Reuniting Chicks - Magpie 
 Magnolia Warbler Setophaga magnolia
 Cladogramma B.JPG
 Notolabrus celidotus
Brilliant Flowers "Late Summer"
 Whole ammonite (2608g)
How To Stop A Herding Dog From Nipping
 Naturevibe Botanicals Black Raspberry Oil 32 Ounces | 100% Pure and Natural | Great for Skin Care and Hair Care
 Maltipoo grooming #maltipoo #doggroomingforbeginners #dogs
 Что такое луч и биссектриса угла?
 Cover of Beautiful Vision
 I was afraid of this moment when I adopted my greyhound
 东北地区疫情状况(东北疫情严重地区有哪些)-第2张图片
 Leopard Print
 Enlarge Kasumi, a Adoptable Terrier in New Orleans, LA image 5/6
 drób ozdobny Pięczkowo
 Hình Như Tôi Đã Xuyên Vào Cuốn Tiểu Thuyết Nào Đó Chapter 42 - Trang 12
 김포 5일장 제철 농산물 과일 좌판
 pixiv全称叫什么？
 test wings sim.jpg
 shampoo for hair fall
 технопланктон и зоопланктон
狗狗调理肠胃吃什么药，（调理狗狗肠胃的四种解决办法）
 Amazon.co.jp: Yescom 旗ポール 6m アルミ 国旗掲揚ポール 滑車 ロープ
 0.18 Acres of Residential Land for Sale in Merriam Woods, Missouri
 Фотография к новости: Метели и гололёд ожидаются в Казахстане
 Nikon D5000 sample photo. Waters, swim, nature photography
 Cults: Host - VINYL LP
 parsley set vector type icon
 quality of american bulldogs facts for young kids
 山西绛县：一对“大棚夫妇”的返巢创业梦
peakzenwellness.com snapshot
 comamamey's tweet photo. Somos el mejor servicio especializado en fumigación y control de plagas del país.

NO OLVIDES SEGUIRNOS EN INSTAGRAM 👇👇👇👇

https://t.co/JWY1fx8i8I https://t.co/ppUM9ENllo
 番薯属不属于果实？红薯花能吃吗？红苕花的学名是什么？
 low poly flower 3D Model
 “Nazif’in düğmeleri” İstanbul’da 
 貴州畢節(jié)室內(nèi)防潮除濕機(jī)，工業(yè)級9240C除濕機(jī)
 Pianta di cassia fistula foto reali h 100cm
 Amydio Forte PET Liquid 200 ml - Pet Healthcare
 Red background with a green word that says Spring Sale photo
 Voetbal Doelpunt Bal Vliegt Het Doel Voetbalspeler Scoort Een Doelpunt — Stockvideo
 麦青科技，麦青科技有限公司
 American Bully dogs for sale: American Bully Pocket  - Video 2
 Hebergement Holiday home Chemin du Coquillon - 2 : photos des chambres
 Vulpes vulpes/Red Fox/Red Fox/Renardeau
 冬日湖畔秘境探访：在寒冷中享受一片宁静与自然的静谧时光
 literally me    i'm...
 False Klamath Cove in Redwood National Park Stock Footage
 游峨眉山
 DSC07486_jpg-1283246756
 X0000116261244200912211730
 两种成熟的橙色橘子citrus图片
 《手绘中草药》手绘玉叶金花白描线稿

========================================================================

What you need to do: For each record above, give it again without a single change.

Result for this task:
Reuniting Chicks - Magpie 
 Magnolia Warbler Setophaga magnolia
 Cladogramma B.JPG
 Notolabrus celidotus
Brilliant Flowers "Late Summer"
 Whole ammonite (2608g)
How To Stop A Herding Dog From Nipping
 Naturevibe Botanicals Black Raspberry Oil 32 Ounces | 100% Pure and Natural | Great for Skin Care and Hair Care
 Maltipoo grooming #maltipoo #doggroomingforbeginners #dogs
 Что такое луч и биссектриса угла?
 Cover of Beautiful Vision
 I was afraid of this moment when I adopted my greyhound
 东北地区疫情状况(东北疫情严重地区有哪些)-第2张图片
 Leopard Print
 Enlarge Kasumi, a Adoptable Terrier in New Orleans, LA image 5/6
 drób ozdobny Pięczkowo
 Hình Như Tôi Đã Xuyên Vào Cuốn Tiểu Thuyết Nào Đó Chapter 42 - Trang 12
 김포 5일장 제철 농산물 과일 좌판
 pixiv全称叫什么？
 test wings sim.jpg
 shampoo for hair fall
 технопланктон и зоопланктон
狗狗调理肠胃吃什么药，（调理狗狗肠胃的四种解决办法）
 Amazon.co.jp: Yescom 旗ポール 6m アルミ 国旗掲揚ポール 滑車 ロープ
 0.18 Acres of Residential Land for Sale in Merriam Woods, Missouri
 Фотография к новости: Метели и гололёд ожидаются в Казахстане
 Nikon D5000 sample photo. Waters, swim, nature photography
 Cults: Host - VINYL LP
 parsley set vector type icon
 quality of american bulldogs facts for young kids
 山西绛县：一对“大棚夫妇”的返巢创业梦
peakzenwellness.com snapshot
 comamamey's tweet photo. Somos el mejor servicio especializado en fumigación y control de plagas del país.

NO OLVIDES SEGUIRNOS EN INSTAGRAM 👇👇👇👇

https://t.co/JWY1fx8i8I https://t.co/ppUM9ENllo
 番薯属不属于果实？红薯花能吃吗？红苕花的学名是什么？
 low poly flower 3D Model
 “Nazif’in düğmeleri” İstanbul’da 
 貴州畢節(jié)室內(nèi)防潮除濕機(jī)，工業(yè)級9240C除濕機(jī)
 Pianta di cassia fistula foto reali h 100cm
 Amydio Forte PET Liquid 200 ml - Pet Healthcare
 Red background with a green word that says Spring Sale photo
 Voetbal Doelpunt Bal Vliegt Het Doel Voetbalspeler Scoort Een Doelpunt — Stockvideo
 麦青科技，麦青科技有限公司
 American Bully dogs for sale: American Bully Pocket  - Video 2
 Hebergement Holiday home Chemin du Coquillon - 2 : photos des chambres
 Vulpes vulpes/Red Fox/Red Fox/Renardeau
 冬日湖畔秘境探访：在寒冷中享受一片宁静与自然的静谧时光
 literally me    i'm...
 False Klamath Cove in Redwood National Park Stock Footage
 游峨眉山
 DSC07486_jpg-1283246756
 X0000116261244200912211730
 两种成熟的橙色橘子citrus图片
 《手绘中草药》手绘玉叶金花白描线稿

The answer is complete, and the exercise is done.